Ayrıca davalı tarafından sunulan iddianameye göre davacının da aralarında bulunduğu 338 kişi hakkında Ağır Ceza Mahkemesi’ne “7 adet depo sahibi şüphelinin müşteki firma çalışanları olan diğer şüphelilerin bilgisi ve isteği dahilinde onların satmadıkları ilaçları eczanelere satmış gibi göstererek müşteki firma ile anlaşmalı … İstatistik isimli firmaya yanlış ve yanıltıcı bilgiler verdikleri, ardından müşteki firmaya gerçek satış bilgilerini geçtikleri, bu şekilde ilk bildirimlerle tıbbi tanıtım temsilcilerinin haksız prim ödemesi almalarını sağladıkları, ardından gerçek rakamları üzerinden kendilerinin de müşteki firmadan prim ödemesi aldıkları, bu hususun evrak içerisinden mevcut 3 ayrı inceleme raporu ve bir kısım tıbbi tanıtım temsilcilerinin beyanlarından da anlaşıldığı” gerekçesi ile nitelikli dolandırıcılık ve güveni kötüye kullanma suçundan kamu davası açılmıştır.
Her ne kadar fesih bildirimi ile dava açıldığında tıbbi tanıtım temsilcisi olan ve bu nedenle sadece tanıtım görevi olan davacının IMS verileri üzerinde doğrudan yetkisi yok ise de, sonuçta davacı bu veriler üzerinden prim almakta ve performans değerlendirmesine tabi tutulmaktadır.

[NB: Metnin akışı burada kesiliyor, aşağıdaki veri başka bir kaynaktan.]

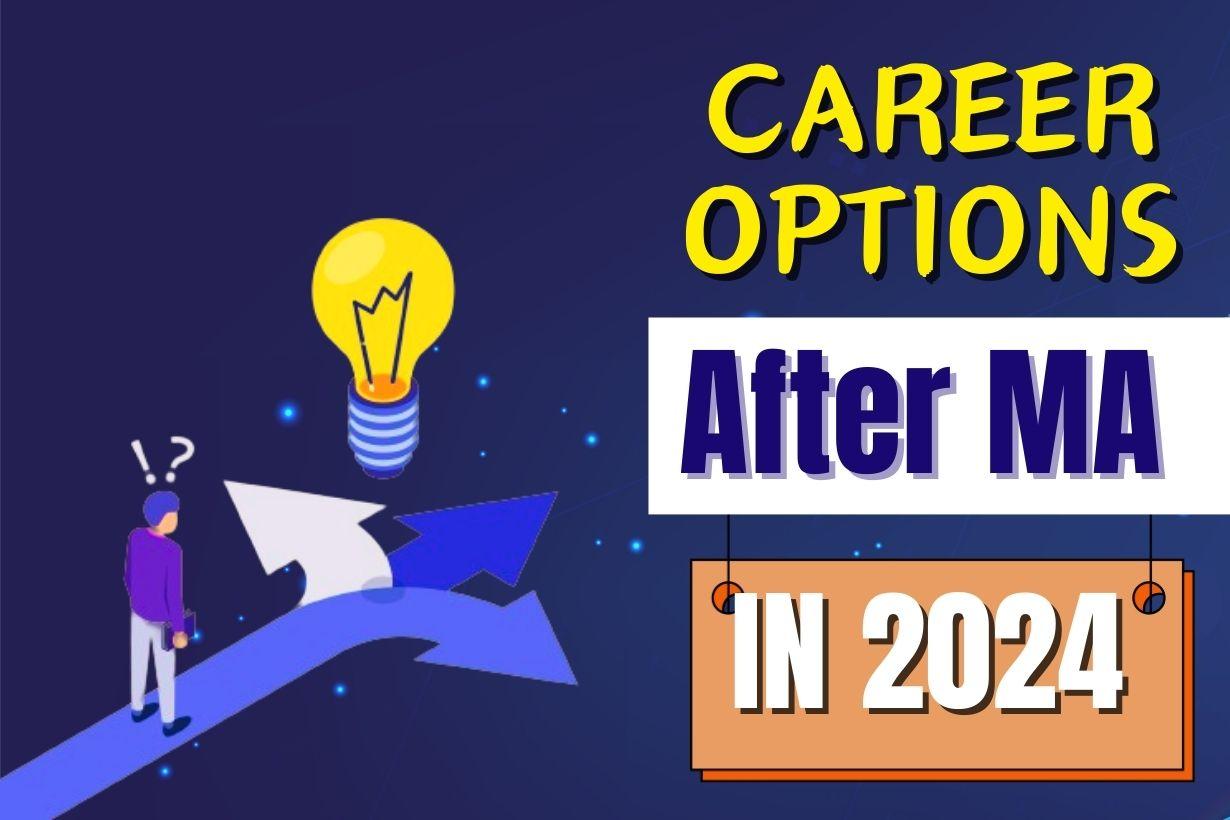 Career options for MA Graduates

Kısaca davacının bu sanal satış nedeni ile menfaat temin ettiği, davalının ise zarar gördüğü açıktır. Davacı hakkında kamu davasının açılmasına neden olacak kadar emare kabul edilmiştir. Davacının menfaat temin etmesi ve davalının zarar görmesi nedeni ile taraflar arasında güven ilişkisinin zedelendiği, iş ilişkisinin olumsuz etkilendiği, davalı işveren açısından en azından fesih tarihi itibari ile geçerli nedenlerin bulunduğu anlaşılmaktadır. Geçerli olan bu feshin daha ağır olan haklı neden niteliğinde olup olmadığı açılan kamu davasının veya davacı tarafından açılacak kıdem ve ihbar tazminatı davasının sonucunda ortaya çıkacaktır. Davalı işverenin iş sözleşmesini feshetmesi geçerli nedene dayandığından, davanın reddi yerine yazılı gerekçe ile kabulü hatalı olmuştur.

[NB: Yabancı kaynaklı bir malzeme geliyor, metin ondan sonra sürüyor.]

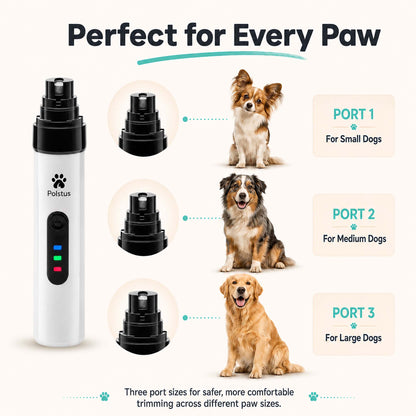 CalmPaw Pro Nail Trimmer For Anxious Dogs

4857 sayılı İş Yasasının 20/3. maddesi uyarınca Dairemizce aşağıdaki şekilde karar verilmiştir.
HÜKÜM: Yukarıda açıklanan gerekçe ile;
1-Mahkemenin kararının BOZULARAK ORTADAN KALDIRILMASINA,
2-Davanın REDDİNE,
3-Alınması gereken 27,70 TL harçtan peşin yatırılan 24.30 TL harcın mahsubu ile bakiye 3,40 TL harcın davacıdan alınarak Hazine’ye irat kaydına,
4-Davacının yaptığı yargılama giderinin üzerinde bırakılmasına, davalının yaptığı 56,25 TL yargılama giderinin davacıdan alınarak davalıya verilmesine,
5-Karar tarihinde yürürlükte bulunan AAÜT’ne göre 1.500,00 TL avukatlık ücretinin davacıdan alınarak davalıya verilmesine,
6-Artan gider ve delil avansının ilgilisine iadesine,
7-Peşin alınan temyiz harcının isteği halinde davalıya iadesine, 14/09/2015 tarihinde oybirliği ile KESİN olarak karar verildi.